The MINOS experiment, presently under construction, relies on two detectors that will analyze a muon neutrino beam created by Fermilab accelerators. The near detector,located on the Fermilab site, will examine the composition of the beam less than a kilometer after its creation. The far detector, located in Minnesota, will probe the composition of the neutrino beam a second time, after it has traveled 735 kilometers.

"The new Fermilab muon neutrino beam line allows for lab-based tests of atmospheric neutrino oscillations," said Beacom, one of several Fermilab theorists investigating neutrino models and their implications. "The Super-Kamiokande results indicate that muon neutrinos [created in the earth's atmosphere] mostly transform into tau neutrinos. The MINOS experiment will measure the corresponding mass difference Δ m 23 and the mixing angle θ 23 very precisely."

These measurements are crucial to establishing what scientists call the mass hierarchy among the three types of neutrinos.The results are,however, just a beginning.With the new muon neutrino beam line, Fermilab is in an excellent position to do more.

"The long-term goal is CP violation," explained Fermilab theorist and neutrino expert Stephen Parke, referring to the puzzling fact that antineutrinos could actually behave differently from neutrinos. "With an additional off-axis detector, the Fermilab muon neutrino beam can be used to look for oscillations into electron neutrinos.

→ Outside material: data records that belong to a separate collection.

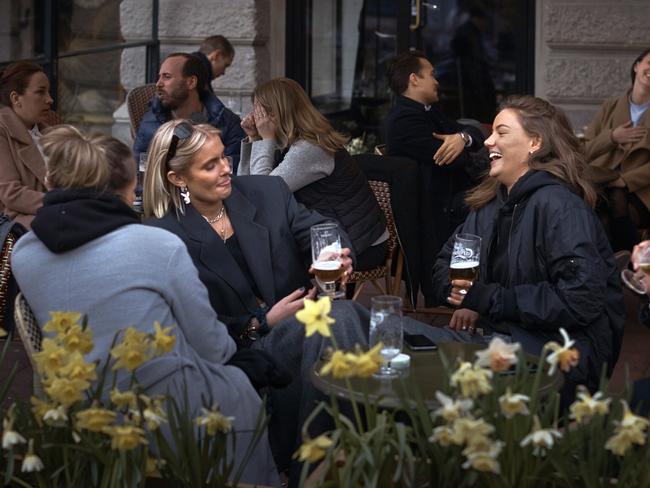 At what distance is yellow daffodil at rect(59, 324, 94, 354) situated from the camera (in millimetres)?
2746

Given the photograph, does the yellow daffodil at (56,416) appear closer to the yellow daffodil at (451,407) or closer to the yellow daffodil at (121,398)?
the yellow daffodil at (121,398)

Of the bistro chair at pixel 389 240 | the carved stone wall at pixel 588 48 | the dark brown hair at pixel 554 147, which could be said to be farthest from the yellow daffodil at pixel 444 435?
the carved stone wall at pixel 588 48

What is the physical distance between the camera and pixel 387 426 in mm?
2701

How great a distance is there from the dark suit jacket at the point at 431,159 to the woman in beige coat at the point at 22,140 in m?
1.89

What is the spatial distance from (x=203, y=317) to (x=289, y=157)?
250 centimetres

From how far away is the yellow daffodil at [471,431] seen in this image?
241 cm

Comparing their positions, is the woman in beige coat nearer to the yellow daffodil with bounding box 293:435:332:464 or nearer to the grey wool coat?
the grey wool coat

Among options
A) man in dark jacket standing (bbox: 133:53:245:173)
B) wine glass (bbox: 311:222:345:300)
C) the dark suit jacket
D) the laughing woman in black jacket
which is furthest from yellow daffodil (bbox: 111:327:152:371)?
man in dark jacket standing (bbox: 133:53:245:173)

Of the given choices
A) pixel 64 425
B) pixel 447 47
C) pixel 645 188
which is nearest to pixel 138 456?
pixel 64 425

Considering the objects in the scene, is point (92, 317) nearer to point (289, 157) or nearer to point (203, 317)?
point (203, 317)

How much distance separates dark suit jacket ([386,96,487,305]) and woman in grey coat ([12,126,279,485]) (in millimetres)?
3461

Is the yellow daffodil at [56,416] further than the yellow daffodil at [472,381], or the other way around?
the yellow daffodil at [56,416]

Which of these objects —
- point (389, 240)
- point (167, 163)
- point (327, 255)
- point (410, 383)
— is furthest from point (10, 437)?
point (389, 240)

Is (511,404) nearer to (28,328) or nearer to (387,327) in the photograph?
(387,327) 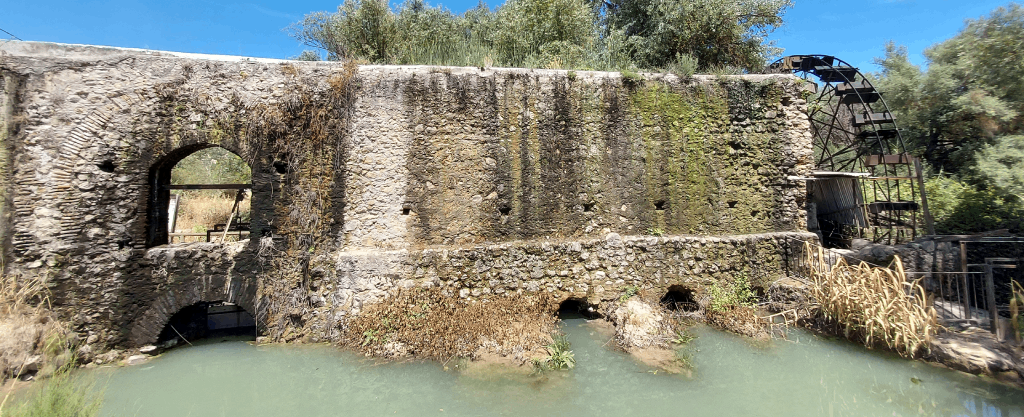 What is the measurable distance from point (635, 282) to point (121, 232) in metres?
7.64

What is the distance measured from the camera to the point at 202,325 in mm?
7273

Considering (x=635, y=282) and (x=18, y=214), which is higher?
(x=18, y=214)

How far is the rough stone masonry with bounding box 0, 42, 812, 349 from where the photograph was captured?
5918mm

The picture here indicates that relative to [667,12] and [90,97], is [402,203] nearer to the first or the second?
[90,97]

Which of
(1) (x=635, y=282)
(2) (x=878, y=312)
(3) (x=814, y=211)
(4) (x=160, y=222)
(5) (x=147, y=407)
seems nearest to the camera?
(5) (x=147, y=407)

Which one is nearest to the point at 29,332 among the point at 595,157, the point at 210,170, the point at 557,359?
the point at 557,359

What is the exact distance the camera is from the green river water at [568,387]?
496 centimetres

If nature cooperates, we could even study CP violation."

Such an experiment, located one to two degrees from the central axis of the muon beam, would catch neutrinos within a narrow energy range. It might allow scientists to measure the final parameter θ 13 of the neutrino mixing matrix, which holds the key to measuring CP violation among particles other than quarks. So far, this type of CP violation has eluded experimental detection.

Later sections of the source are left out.